Union Budget 2026–27 marks an inflection point for India’s Energy and Environment sector. Beyond incremental capacity additions, the focus is now firmly on building resilient energy systems, domestic manufacturing value chains, and long-term investment certainty—key ingredients for global competitiveness.
The Shift from Capacity to Systems
The Budget’s emphasis on battery manufacturing, grid-scale storage, critical minerals processing, and solar glass signals a move toward integrated energy systems rather than standalone renewable assets. Extending customs duty exemptions for batteries, storage equipment, and critical mineral processing lowers upfront capital costs and improves project viability across the clean-energy value chain.
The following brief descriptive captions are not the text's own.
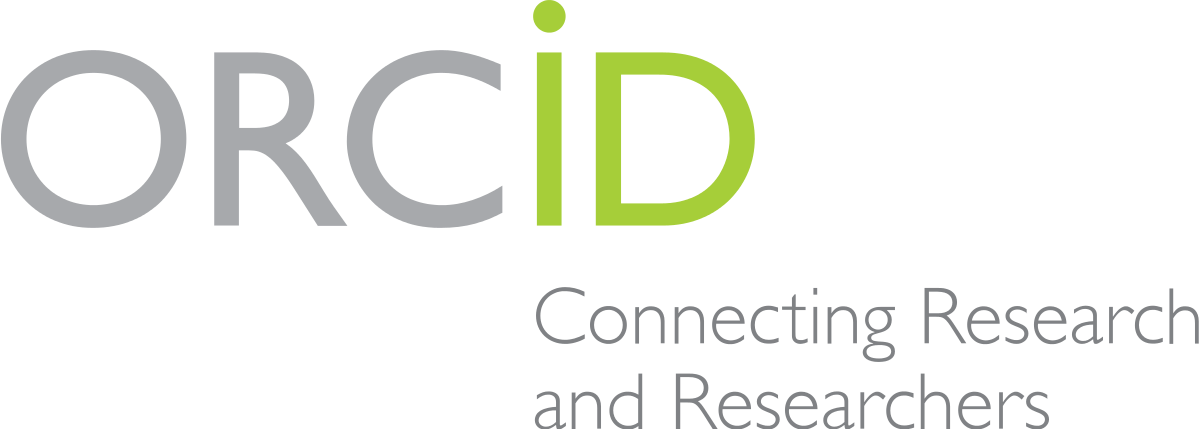 Logo ORCID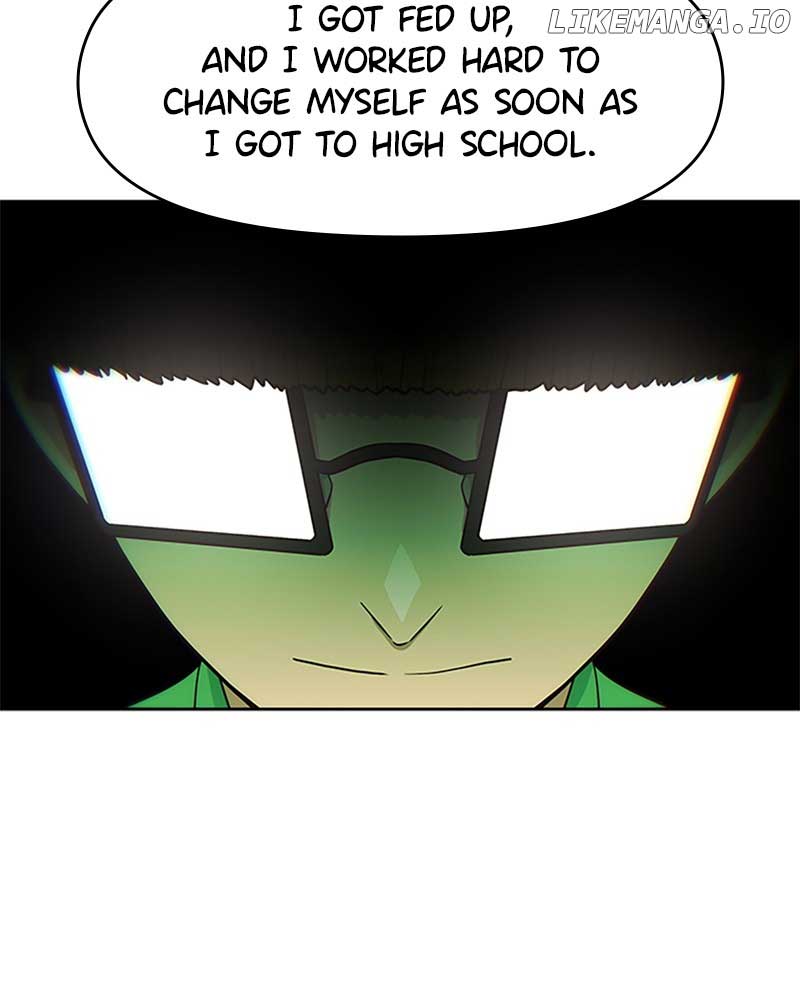 I’m the Only One Bullied by the New High School Student Chapter 25 - Page 26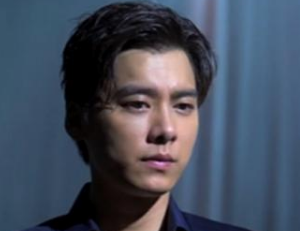 《暗夜行者》李易峰的官方搭档是谁？值得期待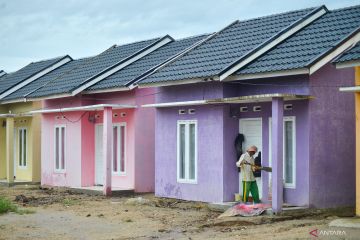 LPPI: Regulasi baru dibutuhkan untuk kembangkan pasar "mortgage" RI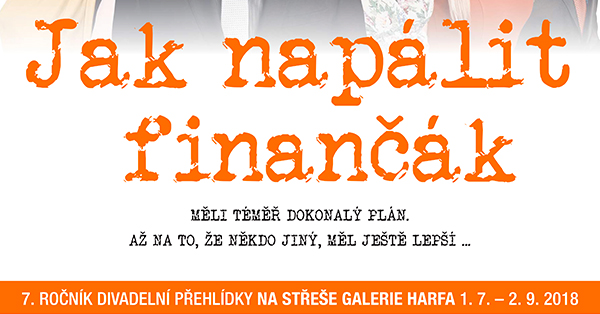 Jak napálit finančák Jak napálit finančák
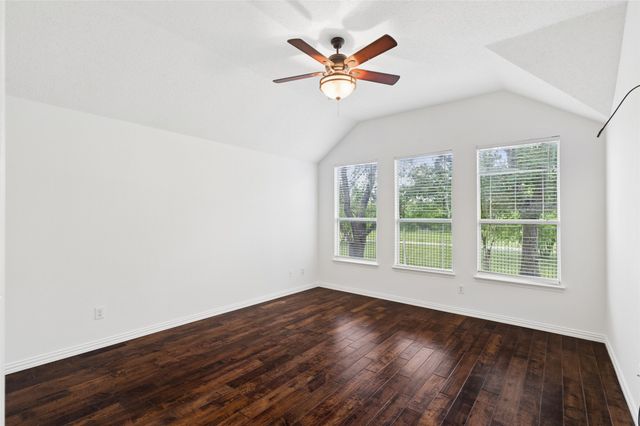 8032 Gila Bend Lane, Fort Worth, TX 76137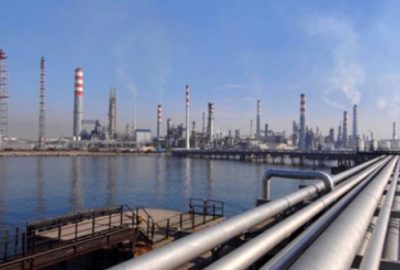 Gaz ithalatında kasım rekoru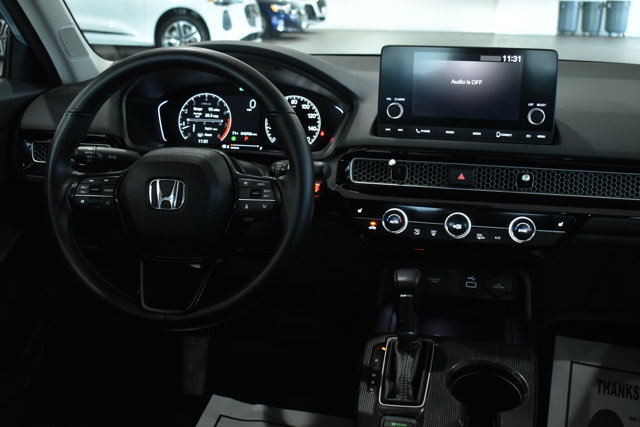 Used 2023 Honda Civic EX image 21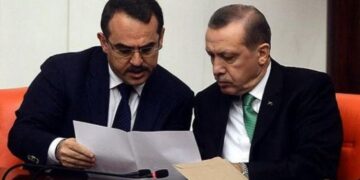 Sadullah Ergin, Demirtaş’ı doğruladı: Çözüm süreci yargılanacaksa başbakan, bakanlar, bürokratlar da yargılanmalı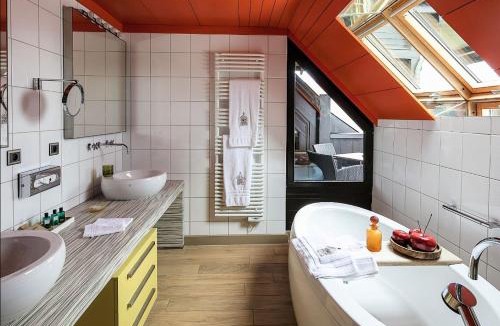 Illhaeusern Hotel | Hotel des Berges, Restaurant Gastronomique & Spa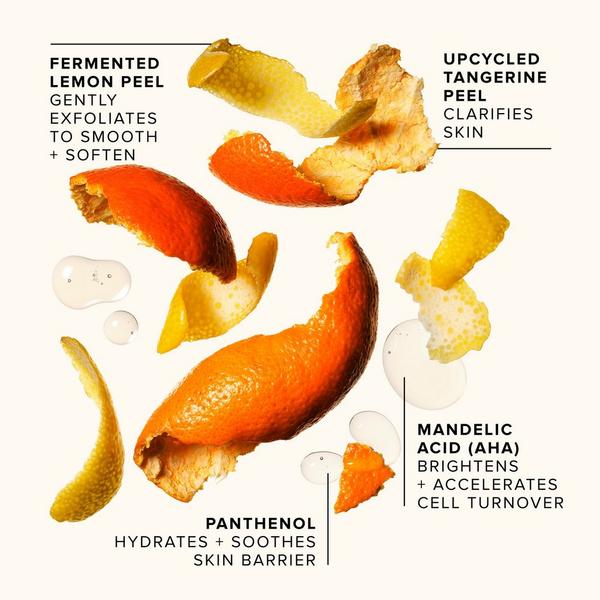 FARMACY Bright On Daily AHA Foam Exfoliator #3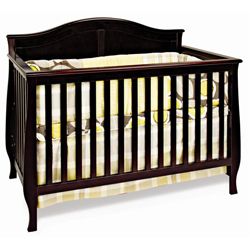 in 1 Convertible Crib Today $229.90 5.0 (1 reviews)
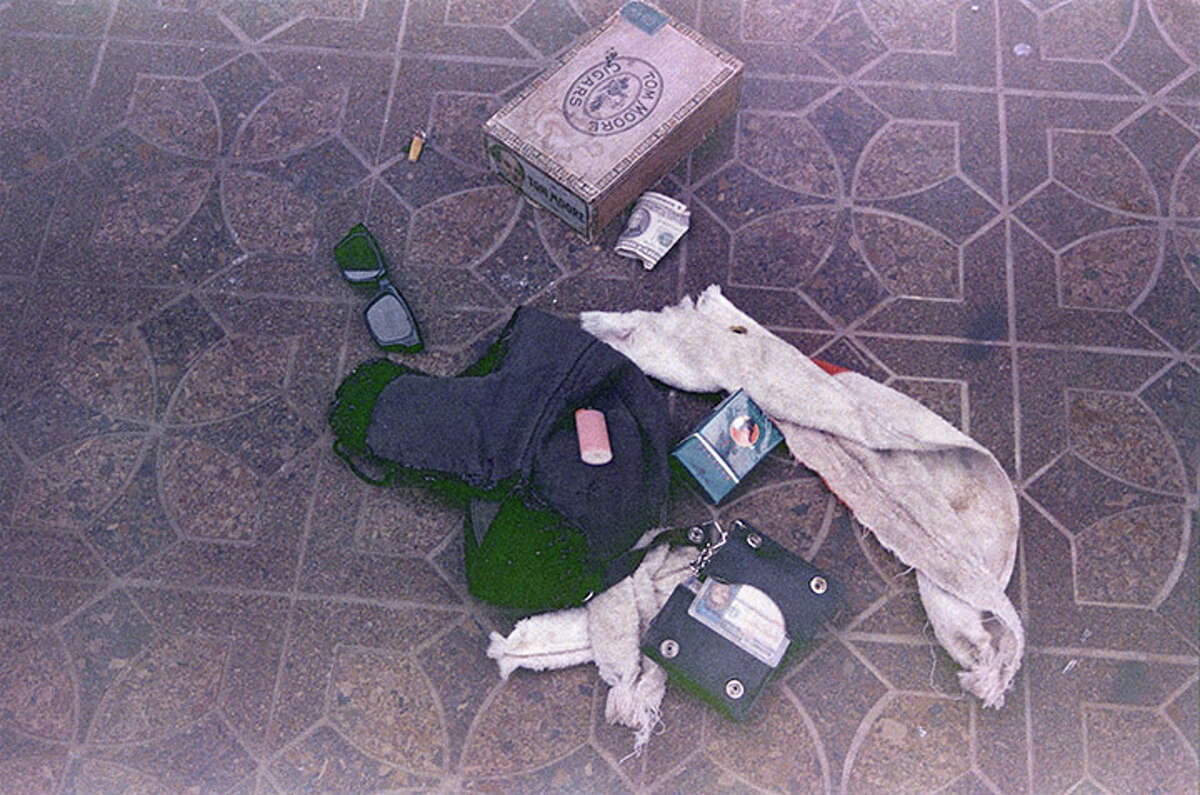 Spd Releases Newly Developed Photos From Cobain Suicide Scene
Storage and Manufacturing Take Centre Stage
Explicit funding for battery energy storage systems, alongside continued support for the National ACC PLI programme, positions storage as the backbone of grid stability. At the same time, duty relief on key solar inputs such as sodium antimonate strengthens upstream manufacturing – reducing import dependence and supporting export competitiveness.
Data Centres: The Hidden Demand Driver
One of the Budget’s most consequential moves is providing tax certainty for cloud services and data centres until 2047. This sends a strong signal to global hyperscalers and is likely to accelerate large-scale investments – driving sustained demand for reliable, low-carbon power, storage, cooling, and grid upgrades.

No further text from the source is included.